● Brief
Beginning with the line that contains "FUTURE FOX FOX-BASE EVO　前幕セット　二股ポール2セット", reproduce the remaining lines of the material exactly, up to and including the last one, but no pictures.

*** Opening of Dataset section ***

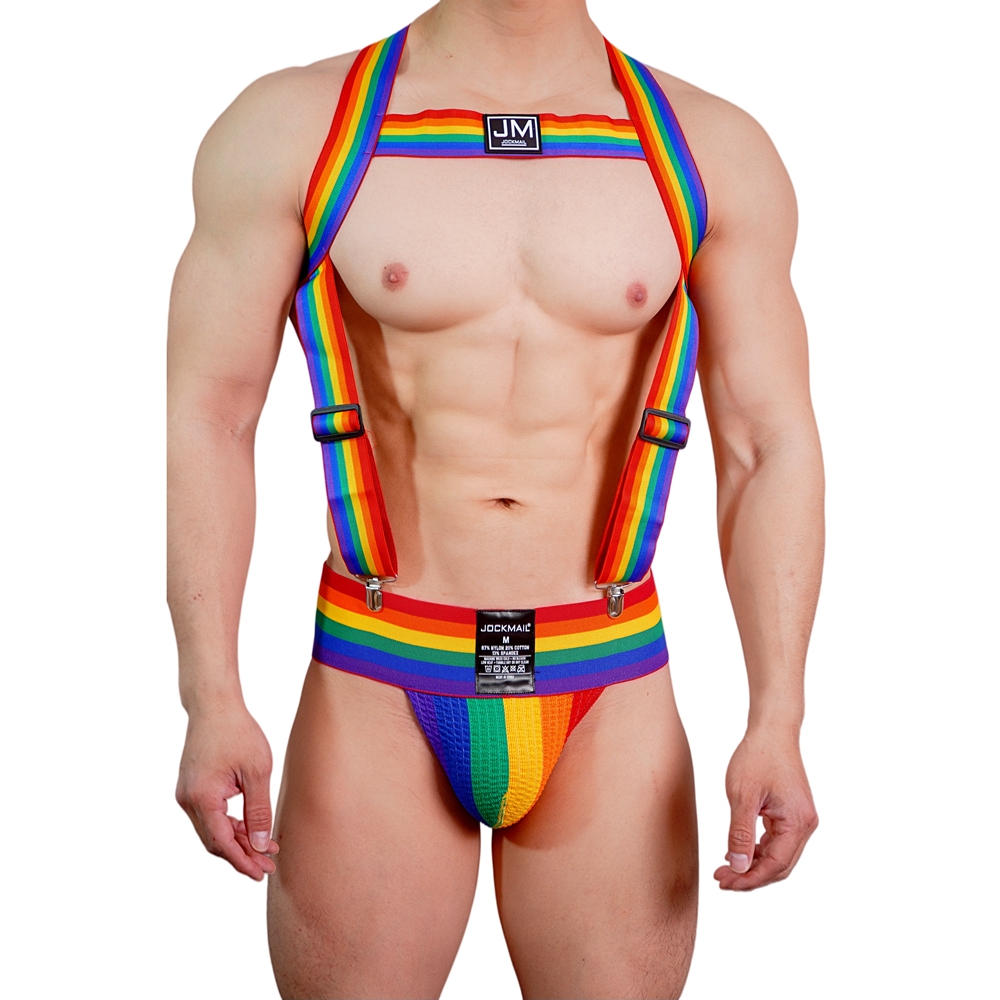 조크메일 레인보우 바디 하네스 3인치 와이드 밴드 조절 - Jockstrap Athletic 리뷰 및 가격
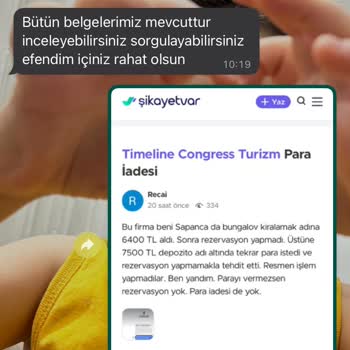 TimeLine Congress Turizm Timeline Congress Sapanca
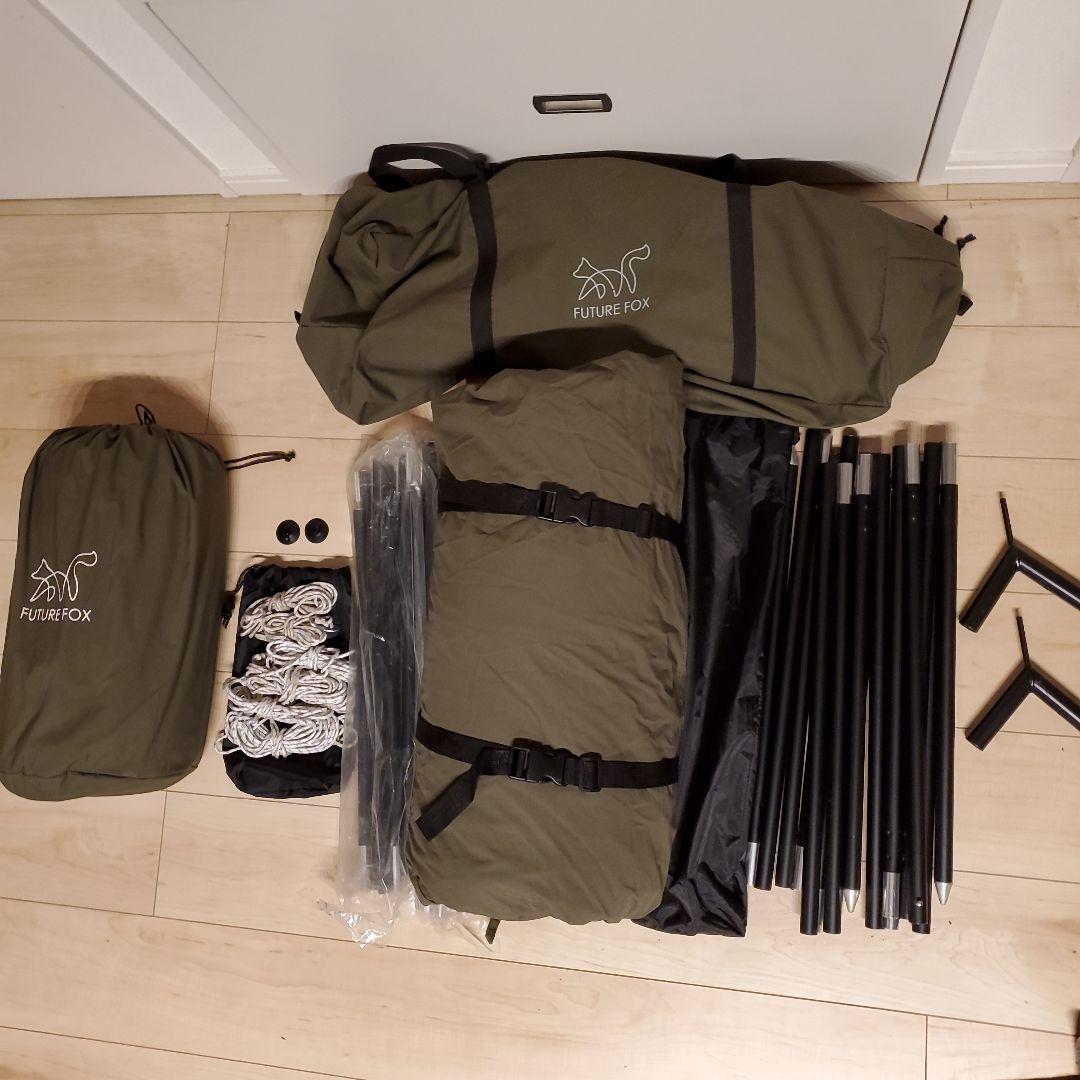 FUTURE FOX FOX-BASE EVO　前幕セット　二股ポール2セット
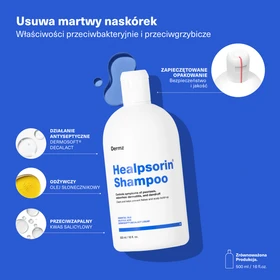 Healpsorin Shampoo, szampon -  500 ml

*** Close of Dataset section ***

● Completed task
 FUTURE FOX FOX-BASE EVO　前幕セット　二股ポール2セット
 Healpsorin Shampoo, szampon -  500 ml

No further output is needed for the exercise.